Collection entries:

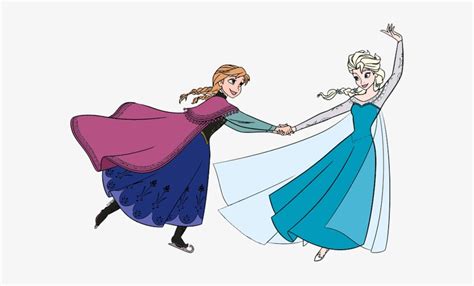 Download Frozen And Png For Free Download Elsa And Anna Skating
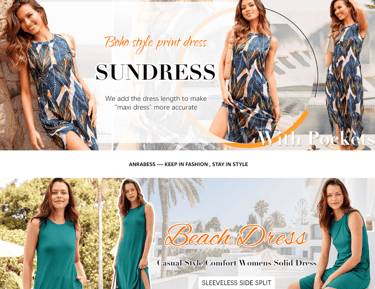 Womens Stylish casual lightweight linen dress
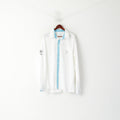 Palazzo Men XXL 45/46 Casual Shirt White Cotton Polo Club Long Sleeve Top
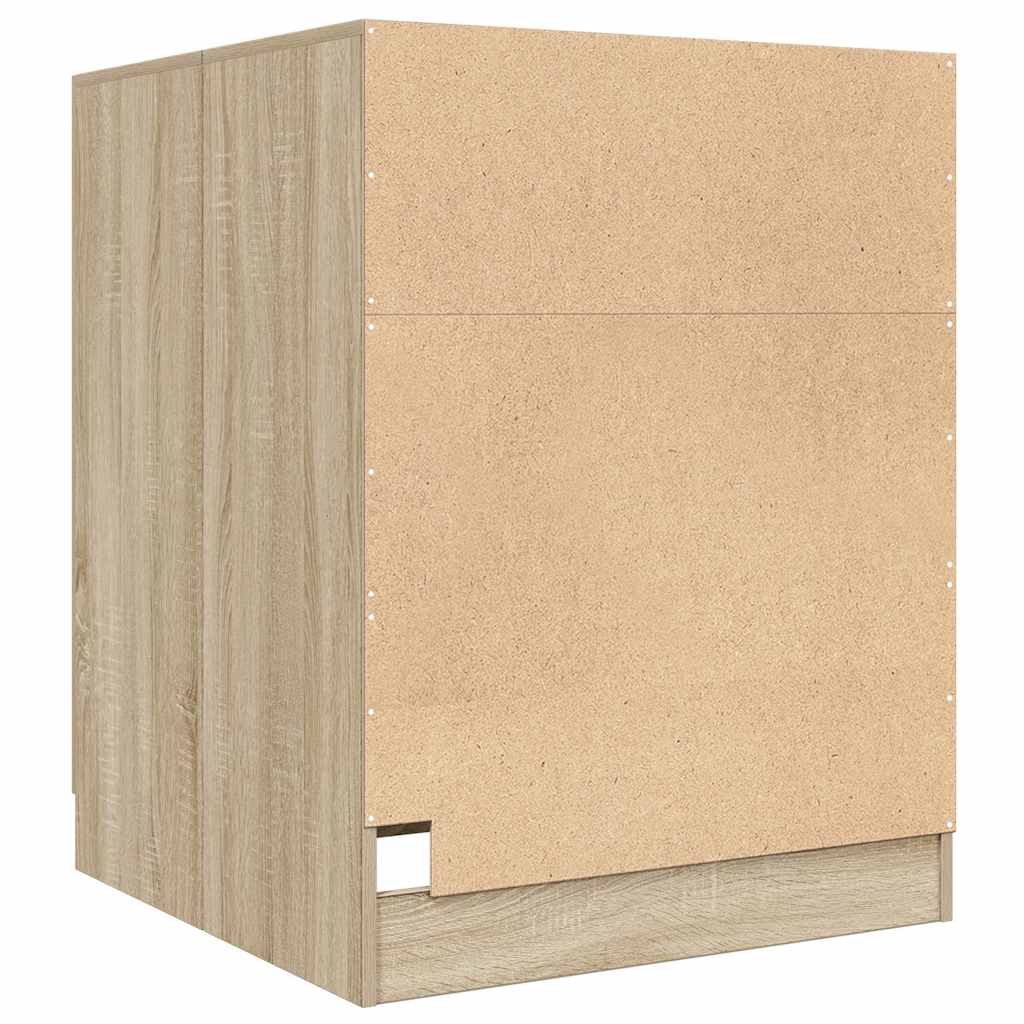vaskemaskineskab 70,5x71,5x91,5 cm sonoma-eg
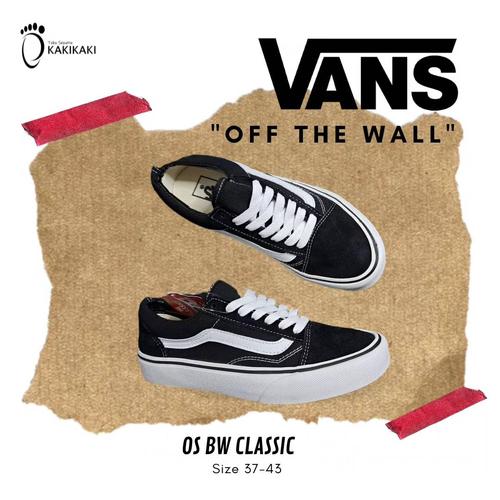 Jual VANS BACK TO SCHOOL SEPATU SEKOLAH ANAK HITAM POLOS PUTIH AUTENTIC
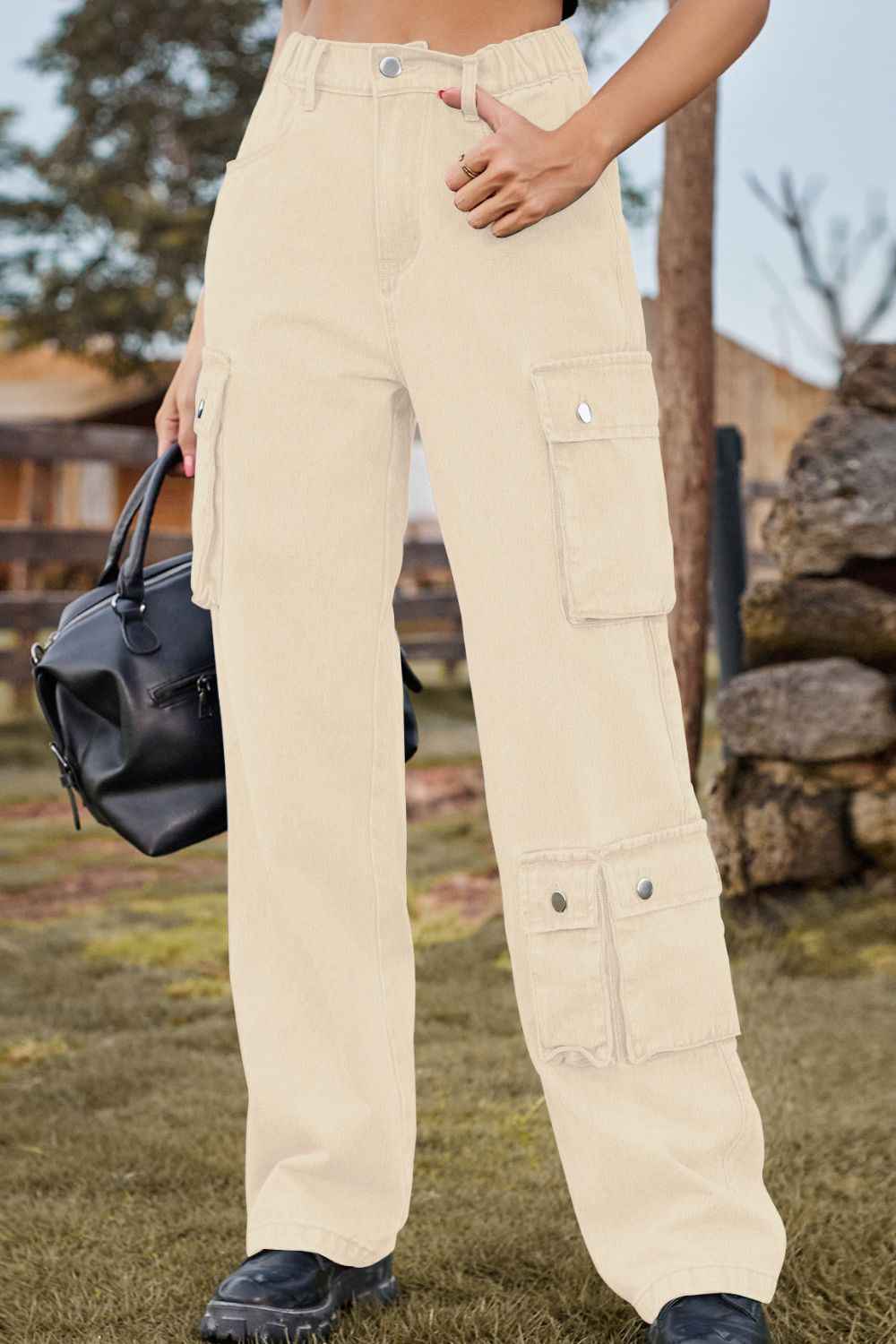 Loose Fit Long Jeans with Pockets for Ultimate Comfort and Style
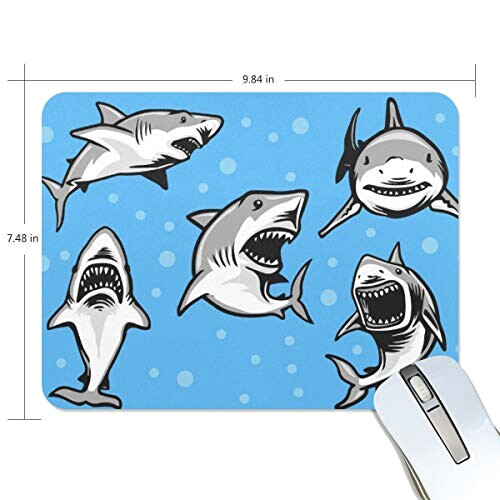 Tapis de souris Requin blanc 190x250 mm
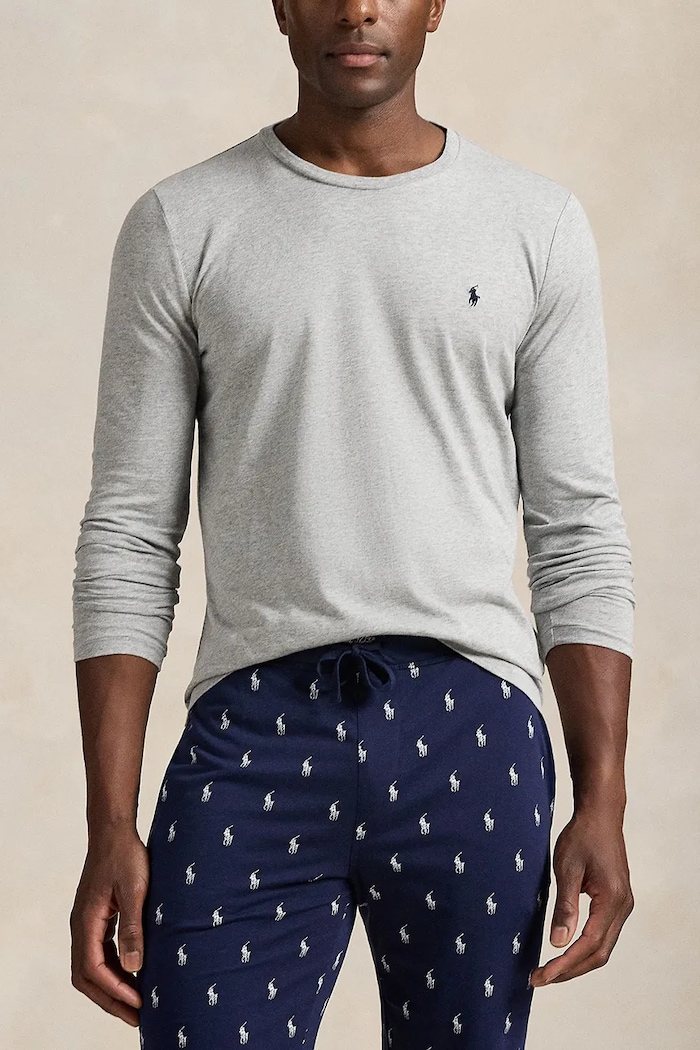 Блуза с дълги ръкави Polo Ralph Lauren стандартна сив 714844759003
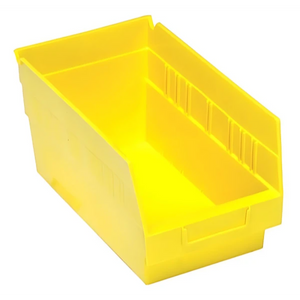 QSB202 Bulk 30 PC-6" Shelf Bin - Durable Polypropylene Storage Container Quantum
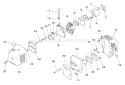 Page E Diagram and Parts List for SRM-2200  Echo Trimmer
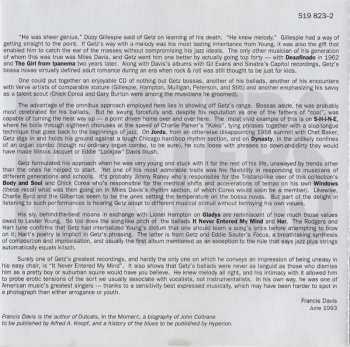 CD Stan Getz: Verve Jazz Masters 8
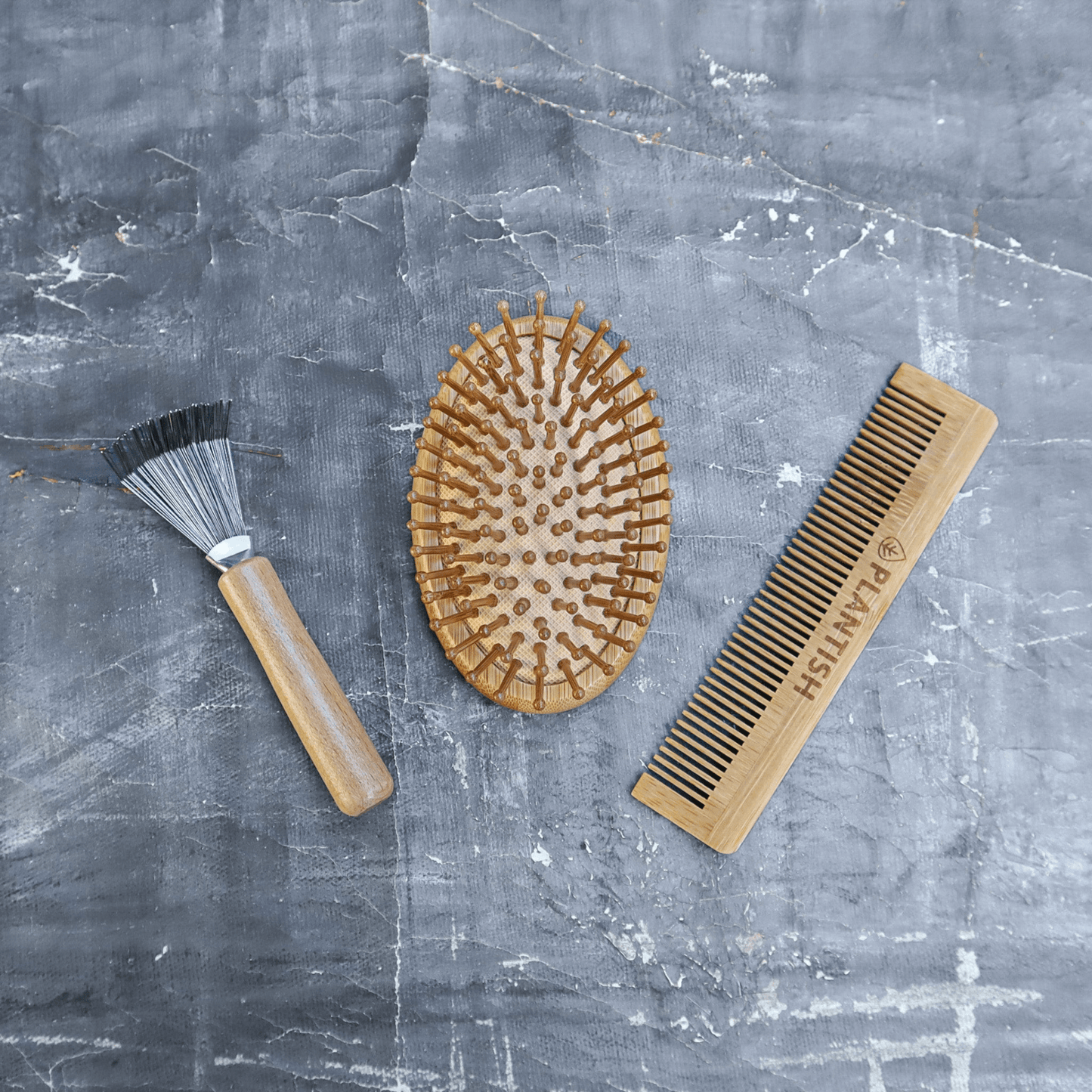 Bamboo Travel Hair Brush Set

# DIRECTIONS FOR THIS TASK:
The lines to restate word for word run from the line that contains "vaskemaskineskab 70,5x71,5x91,5 cm sonoma-eg" through the end of the entries above, both ends included. Leave out all pictures and write nothing else.

# ANSWER AREA:
vaskemaskineskab 70,5x71,5x91,5 cm sonoma-eg
 Jual VANS BACK TO SCHOOL SEPATU SEKOLAH ANAK HITAM POLOS PUTIH AUTENTIC
 Loose Fit Long Jeans with Pockets for Ultimate Comfort and Style
 Tapis de souris Requin blanc 190x250 mm
 Блуза с дълги ръкави Polo Ralph Lauren стандартна сив 714844759003
 QSB202 Bulk 30 PC-6" Shelf Bin - Durable Polypropylene Storage Container Quantum
 Page E Diagram and Parts List for SRM-2200  Echo Trimmer
 CD Stan Getz: Verve Jazz Masters 8
 Bamboo Travel Hair Brush Set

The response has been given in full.